For this, I am trying to add a java agent which will detect timeouts in each test execution and calls System.exit() in this case. (I know calling System.exit() seems to be a rash decision, but throwing exception does not seem to stop the test execution) The java agent uses byte-buddy advices for doing this.

public class TimerAdvice {
    public static CountDownLatch latch;

    @Advice.OnMethodEnter
    static long enter(@Advice.This Object thisObject,
                      @Advice.Origin String origin,
                      @Advice.Origin("#t #m") String detaildOrigin) throws InterruptedException {
        System.out.println("Timer Advice Enter thread: " + Thread.currentThread().getName() + " time: " + Instant.now().toString());

        latch = new CountDownLatch(1);

        ThreadFactory factory = new MyThreadFactory(new MyExceptionHandler());
        ExecutorService threadPool = Executors.newFixedThreadPool(1, factory);
        threadPool.execute(new TestCallable());

        return System.nanoTime();
    }

    @Advice.OnMethodExit (onThrowable = Throwable.class)
    static void onExit(@Advice.Origin Method method) throws ClassNotFoundException, IllegalAccessException, InstantiationException {
        System.out.println("Timer Advice Exit thread: " + Thread.currentThread().getName() + " time: " + Instant.now().toString());
        System.out.println("Counting down");
        latch.countDown();
    }
}

Basically this will spawn a background thread that will wait until the latch is counted down.

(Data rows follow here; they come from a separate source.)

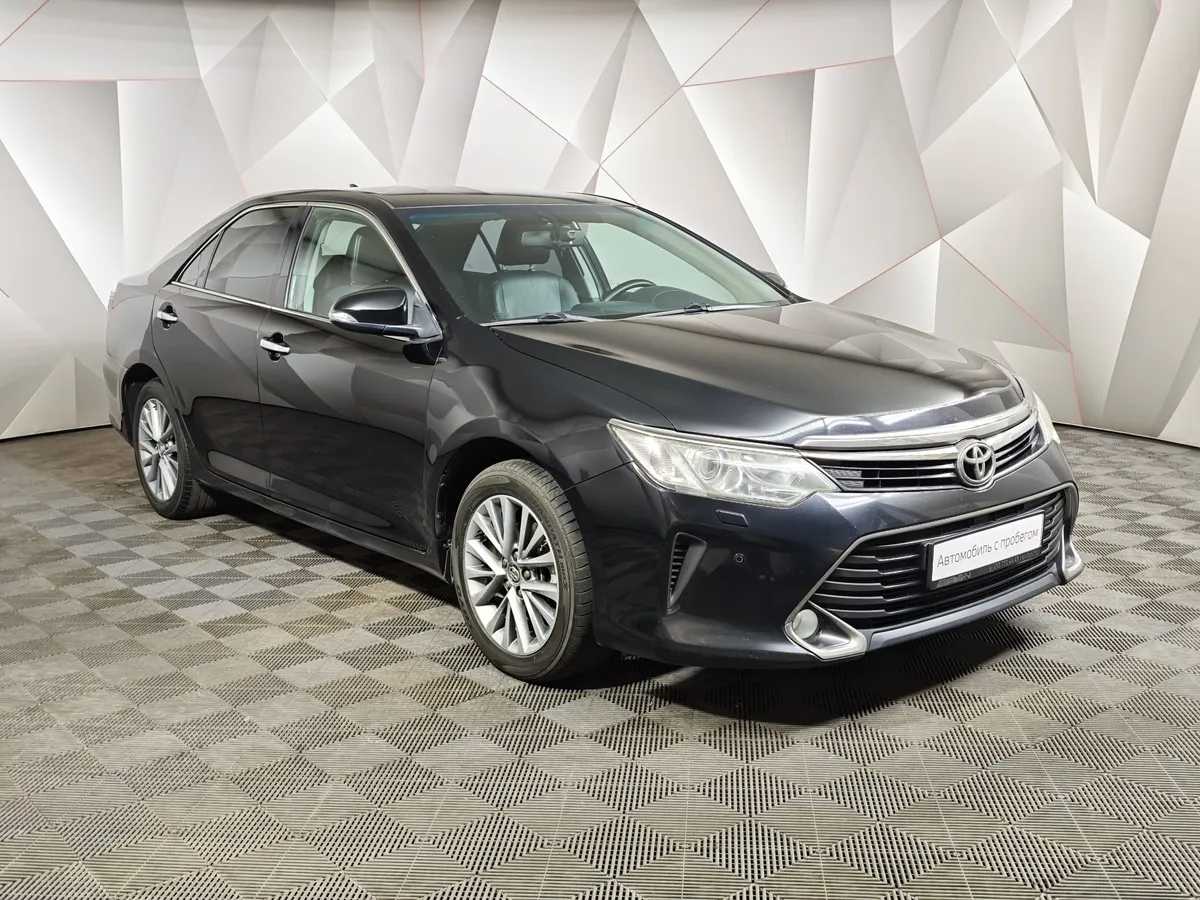 Toyota Camry 2.5 AT (181 л.с.) Черный в АВИЛОН. Слайд №3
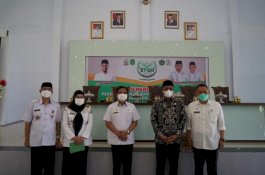 Kafilah Parepare dan Barru Tiba di Sidrap, Dikalungkan Sutra serta Diberi Bekal Beras dan Telur
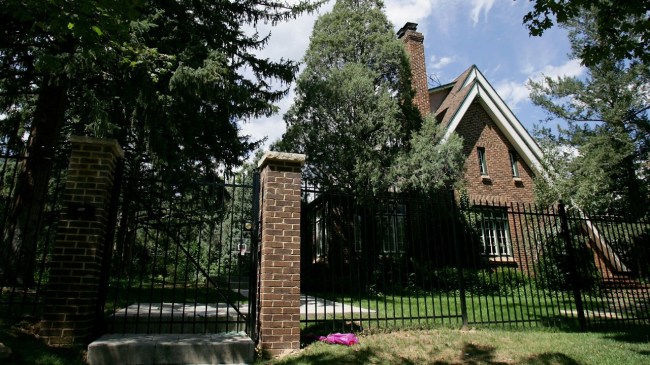 BOULDER, CO - AUGUST 17: The residence at 749 15th Street, where JonBenet Ramsey was murdered in December, 1996, is seen August 17, 2006 in Boulder, Colorado. At a news conference earlier in the day, Boulder District Attorney Mary Lacy confirmed that John Mark Karr has been taken into custody in Bangkok, Thailand, and will be extradited to the U.S. for questioning in the case. A single red rose was placed near the entrance to the home in foreground.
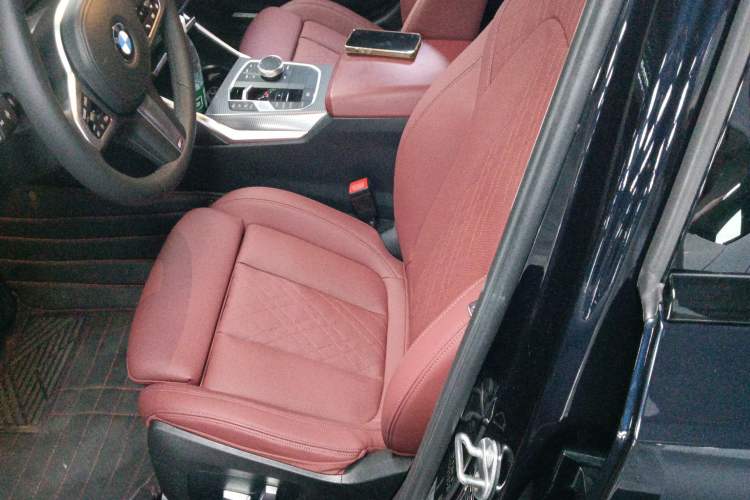 Used BMW 3 Series 2023 325Li M Sport Night Edition Package
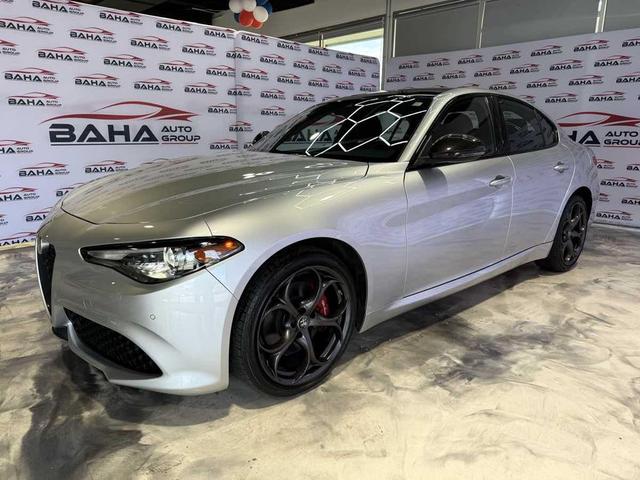 Photo of 2021 Silverstone Gray Metallic Alfa Romeo Giulia
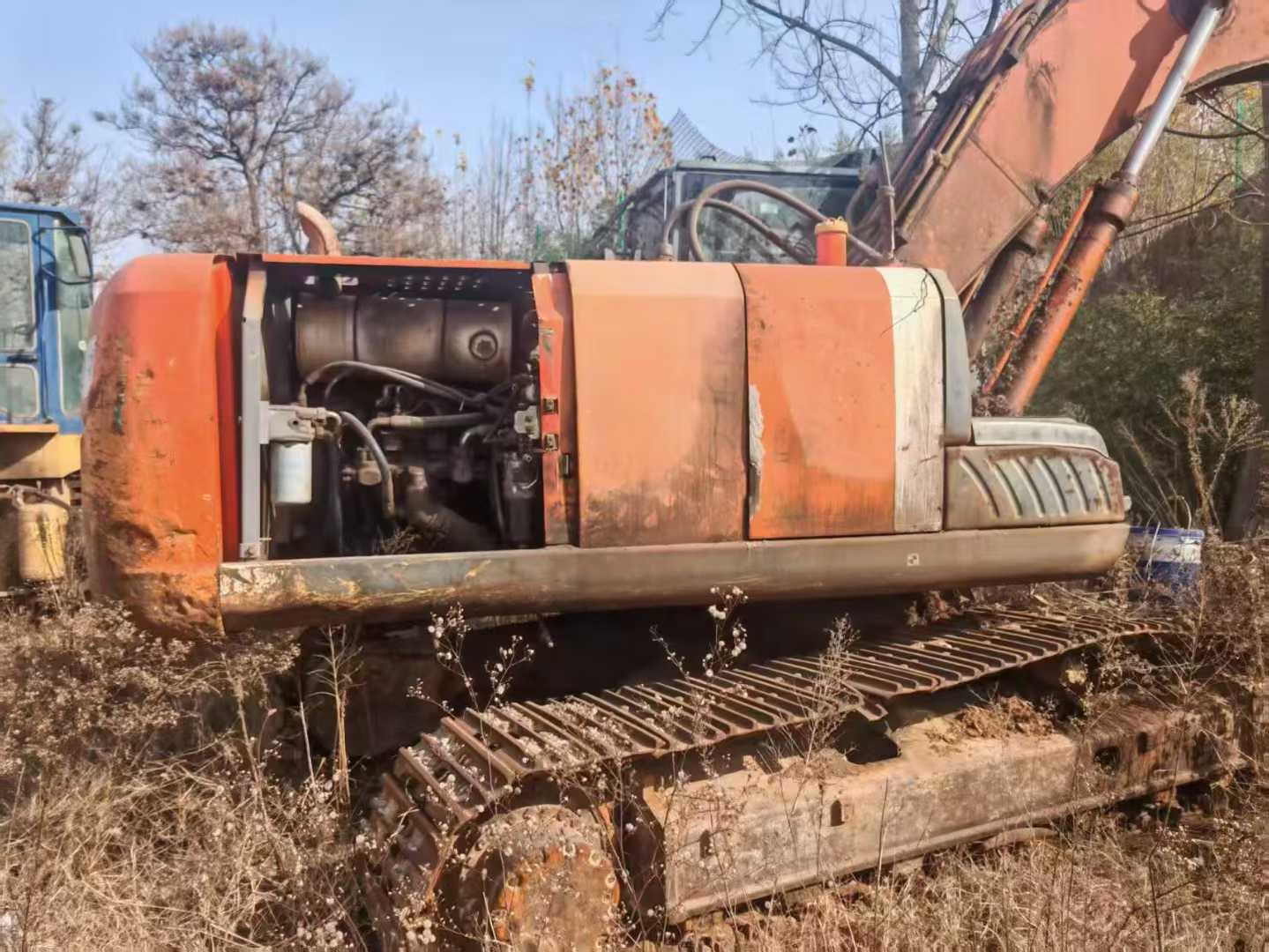 Used Hitachi ZAXIS200 Excavator 2010 Model / 4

public class TestCallable implements Runnable {
    @Override
    public void run()  {
        try {
            latch.await(10, TimeUnit.MINUTES);
        } catch (InterruptedException e) {
            e.printStackTrace();
            throw new IllegalStateException(e.getMessage());
        }
        if(latch.getCount() > 0) {
            System.err.println("Callable thread"
                    + Thread.currentThread().getName() +
                    "TIMEOUT OCCURED!!!!");
            System.exit(1);
        }
    }
}

The latch countDown() method will be called by the method that handles the OnExit advice. Until then, the thread will wait for the specified timeout.

My question is, Why is the System.exit() call not affecting the test execution/jvm When this thread calls the System.exit(), the test thread still continues to execute as if nothing had happened. I would like to stop the execution of the test at this point.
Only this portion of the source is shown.